Exercise brief: No pictures belong in the result; set down exactly the lines from the one containing "Snapshot of natty_romanof_18" through the final line of the listing, and nothing more.
===== Supplied data
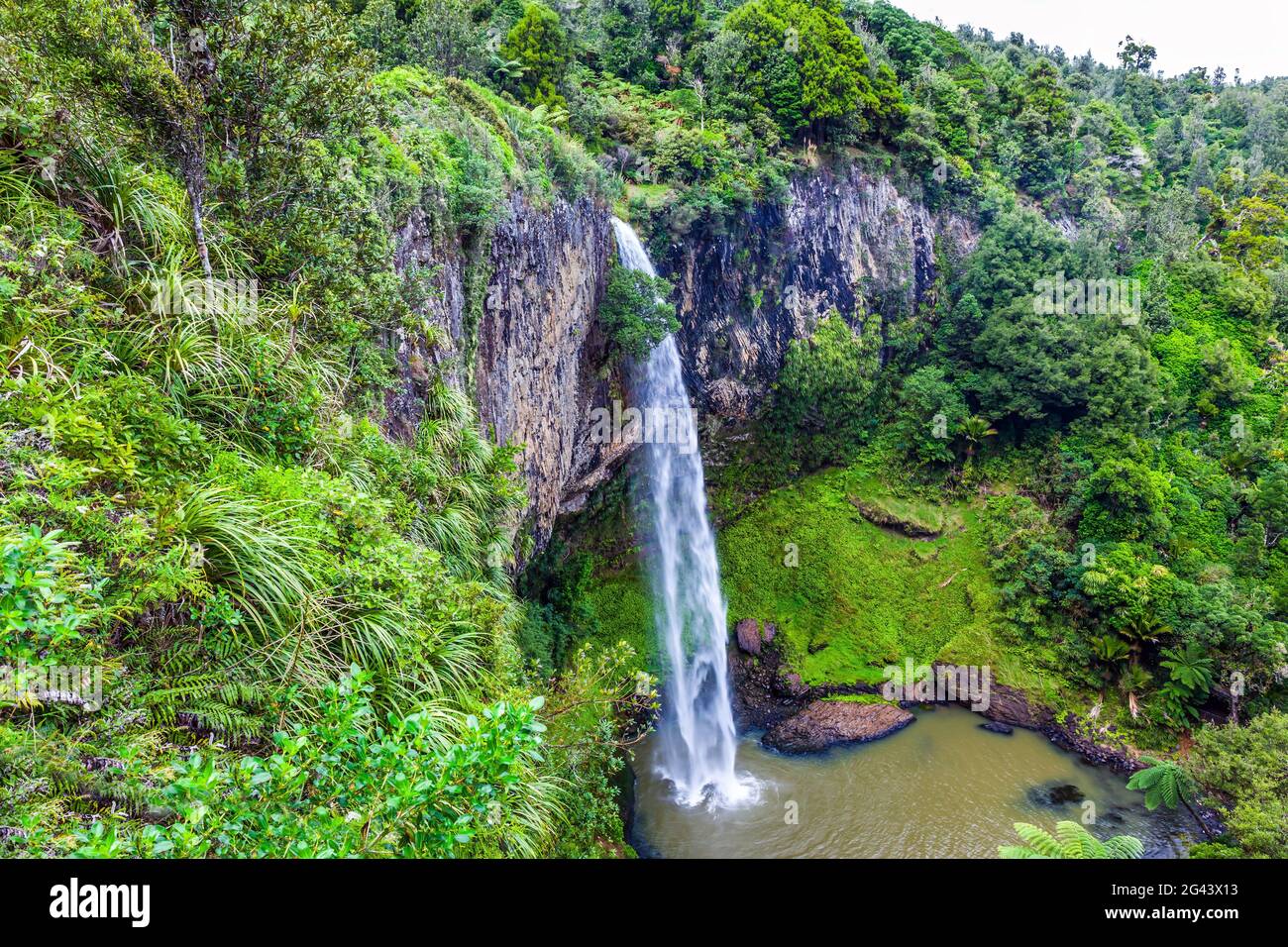 Waterfall Bride's veil Stock Photo - Alamy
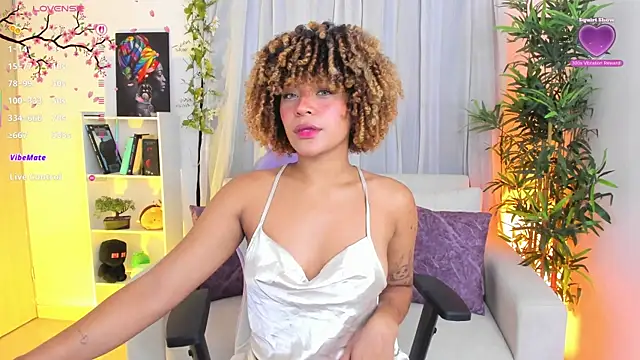 Snapshot of natty_romanof_18 chatting on July 2026 11:52:01 AM natty romanof 18 online show from July 2026 11:52:01 AM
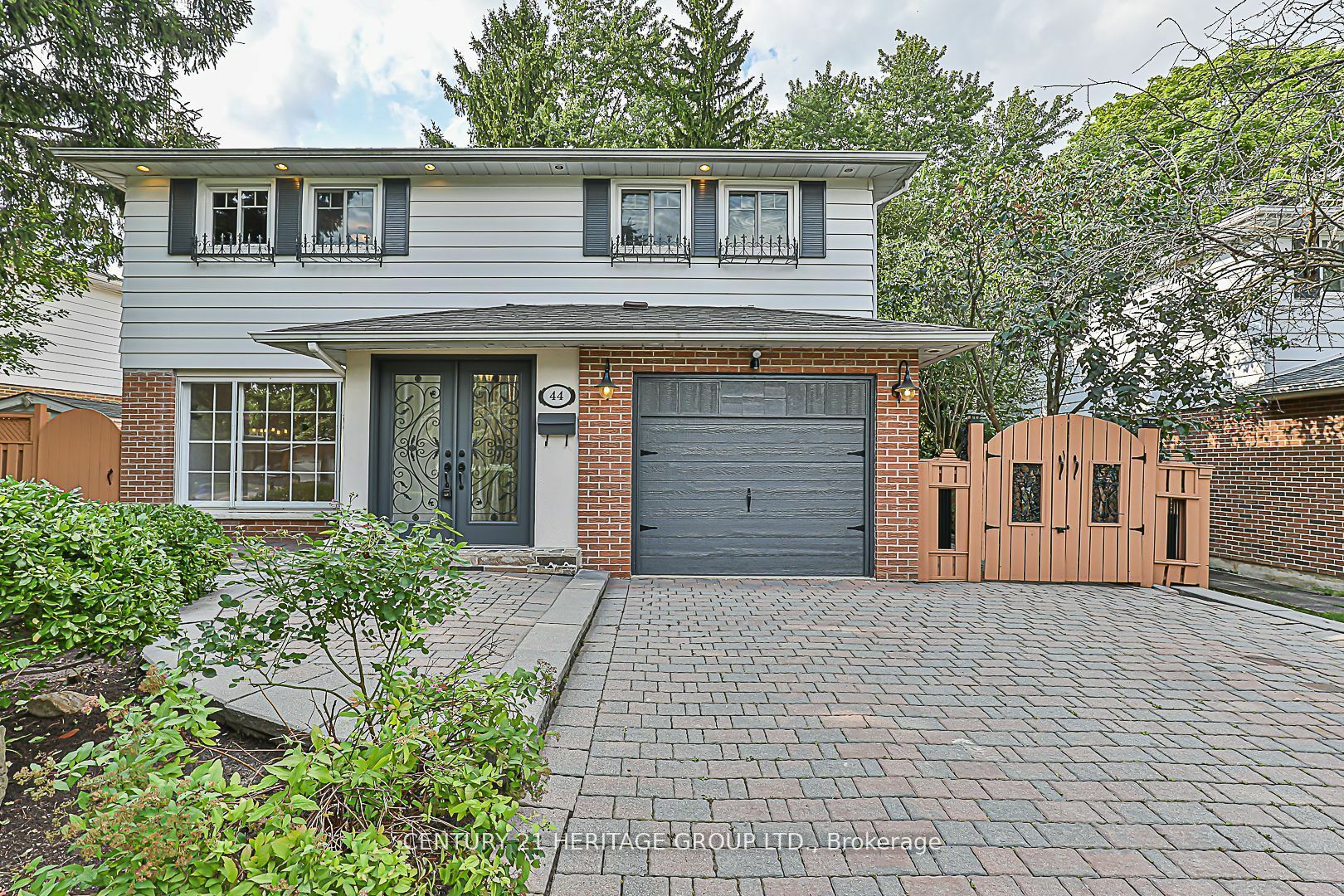 44 Royal Orchard Blvd  Markham ON L3T 3C5 photo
==========
Result:
 Snapshot of natty_romanof_18 chatting on July 2026 11:52:01 AM natty romanof 18 online show from July 2026 11:52:01 AM
 44 Royal Orchard Blvd  Markham ON L3T 3C5 photo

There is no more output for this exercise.